Jeff Gordon got a piece of the incident, too, with a cowl flap from another car jamming into his hood on Gordon's first lap on the track. It was unclear whether the debris Gordon hit was the same piece Whitt hit or a different one.
"I just tried to avoid them and this got stuck in my hood," Gordon said, pointing to the cowl flap. "I thought I was in pretty good shape until I saw that. That's a bummer."
"The 26 (Whitt) just went up and hit the wall, and then the 26 got me into the 13 (Mears)," said Vickers.
It was one of the more bizarre incidents in recent memory, but things quickly took an even worse turn.
After the track was cleaned up and practice resumed, Matt Kenseth got loose at the exit of Turn 4 after getting tapped by Joey Logano, triggering a huge wreck with Parker Kligerman going upside down past the start-finish line.
In the crash, Paul Menard and Ryan Truex also saw their cars torn up and, like Logano and Kligerman, will have to go to backups. Kligerman will use a backup car from his Swan Racing teammate, Whitt, while Dave Blaney, who was also in the second crash, doesn't have a backup and apparently will miss the Daytona 500.
The impact from Kligerman's crash tore away part of the chain-link fencing, necessitating another lengthy red flag for track repairs. At that point, NASCAR cancelled the remainder of practice while the fencing was attended to.
"Fortunately, Parker is okay and nobody in the stands got hurt," said Menard. "It could have been a lot worse."
Logano took responsibility for triggering the incident.

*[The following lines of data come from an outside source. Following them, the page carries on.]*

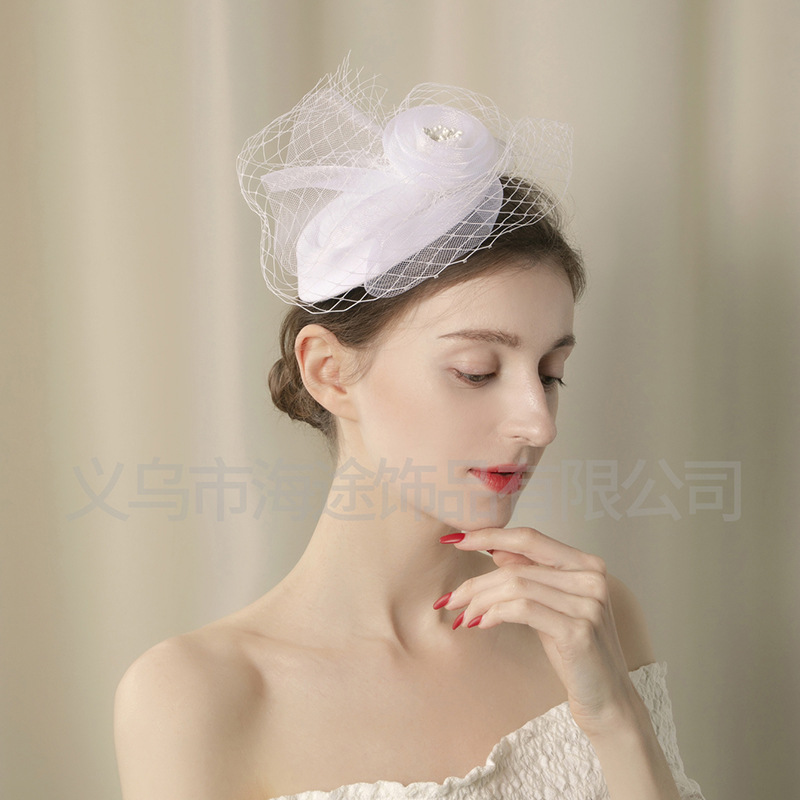Amazon's new Swan Dance white tulle top hat, elegant dress, cute and versatile hair accessory, top hat for women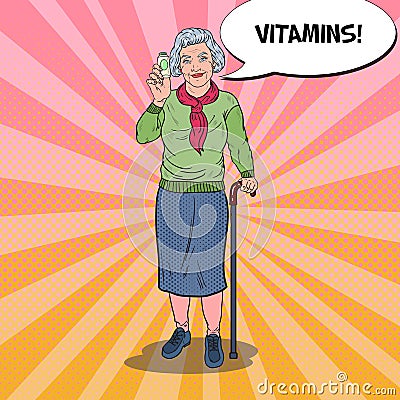 Pop Art Senior Happy Woman with Vitamins. Health Care Vector Illustration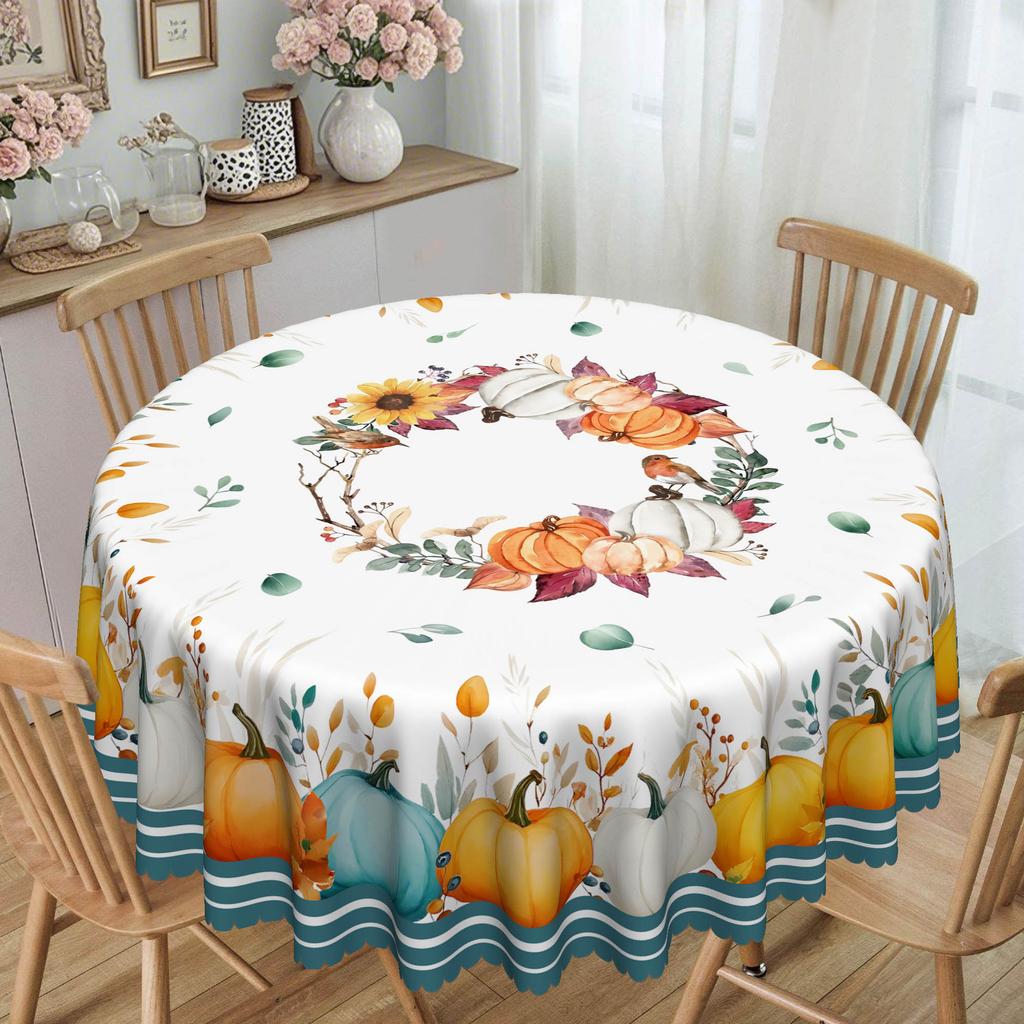 Vintage Pumpkin And Autumn Leaf Tablecloth, Turquoise Pumpkin Pattern Farmhouse Thanksgiving Table Decoration Autumn Home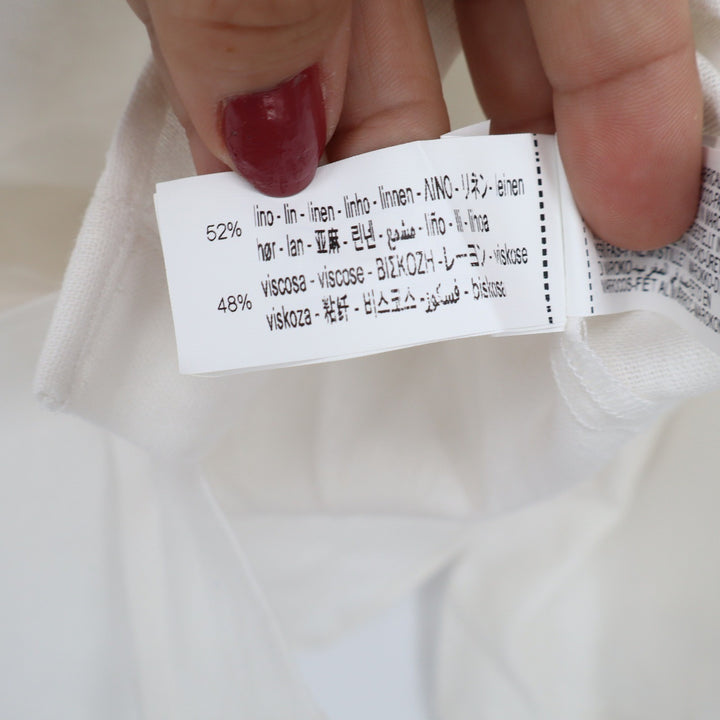Zara Linen Shirt Womens S 2865/709/250 Off-White Button-Down Pocket NEW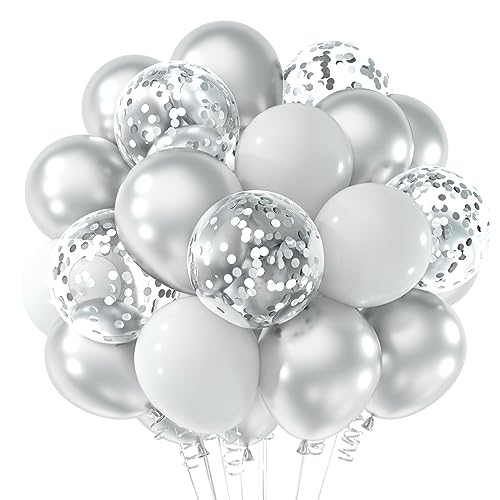 NEBURORA Weiß und Silber Konfetti Luftballons 60 Stück 12 Zoll Weiß Metallic Silber Konfetti Luftballons für Hochzeit Verlobung, Abschlussfeier,Geburtstag,Baby Party,Party Dekorationen NEBURORA Weiß und Silber Konfetti Luftballons 60 Stück 12 Zoll Weiß Metallic Silber Konfetti Luftballons für Hochzeit Verlobung, Abschlussfeier,Geburtstag,Baby Party,Party Dekorationen von NEBURORA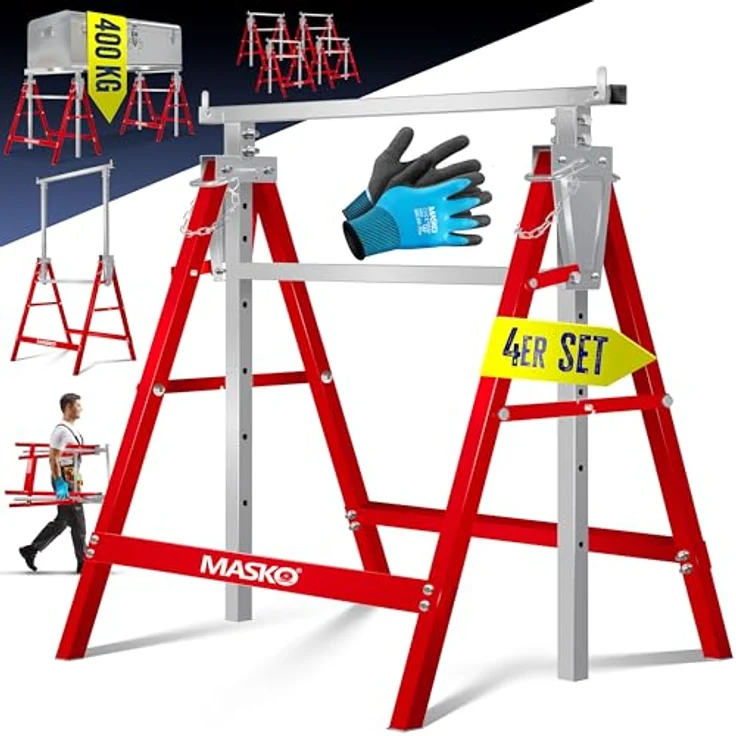 MASKO® Teleskop-Arbeitsbock 4-er Set, Höhenverstellbar 800-1300 mm, max. Belastbarkeit 200 kg, inkl. rutschfester Handschuhe, Rot – Bild 1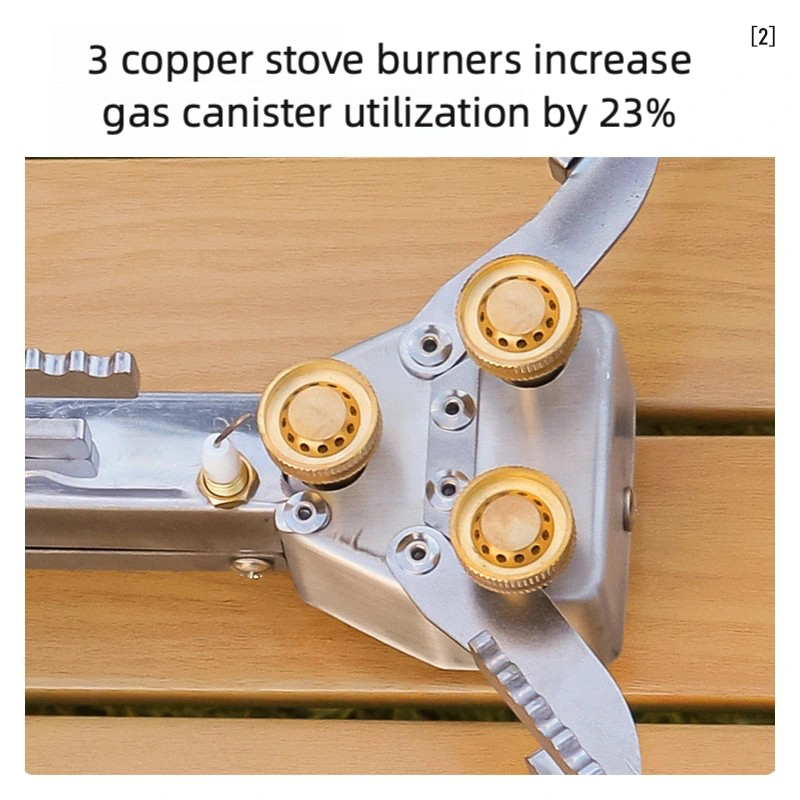 Portable Triple Burner Folding Camping Stove With Gas Cartridge 4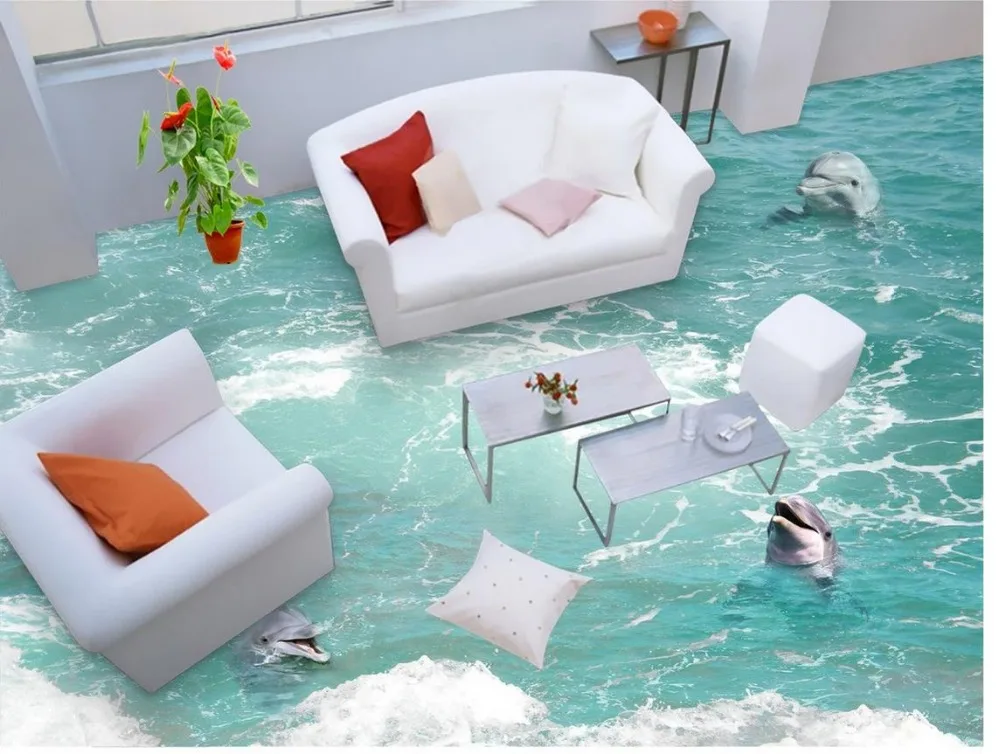 Настенная Наклейка с изображением пляжного пола Дельфина ПВХ самоклеящаяся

"We were coming off (turn) four there and the 20 (Kenseth) started making a move to go down," said Logano. "I assumed he was gonna go down there. I had the run, so I was gonna fill that hole and then he started to come back up and I was there. Maybe I shouldn't have been racing as hard as I was there in practice, but everybody was in a big pack there trying to make things happen. As soon as he came back up, I checked up a little bit and then the 21 (Trevor Bayne) hit me from behind and we spun out. It happens. That's Daytona for you."
"It looks like the No. 22 (Logano) was just being overly aggressive,” Kligerman said. "I want to talk to him about it. I think Paul (Menard) and I had the same opinion there -- just what are you doing and why are you side-drafting and bumping people in the first drafting practice we've done all week?"
It was Kligerman's first rollover crash.
"When you're upside down, there is nothing you can do to steer," Kligerman told FOXSports.com. "I had my foot on the brake, and I'm thinking that's unnecessary because you're not going to stop when you're upside down. But when I was sliding on the roof, you're just hoping not to get hit anymore. It's an awkward position.
"You're just hanging there in your belts, you're hanging upside down, you're just not where you're sitting. You just don't want to get hit, because you're a little more suspended in air right there and sliding along. It wasn't that bad. I was more worried about the fans and getting in the fence and what we've seen here before."
Lee Spencer contributed to this report.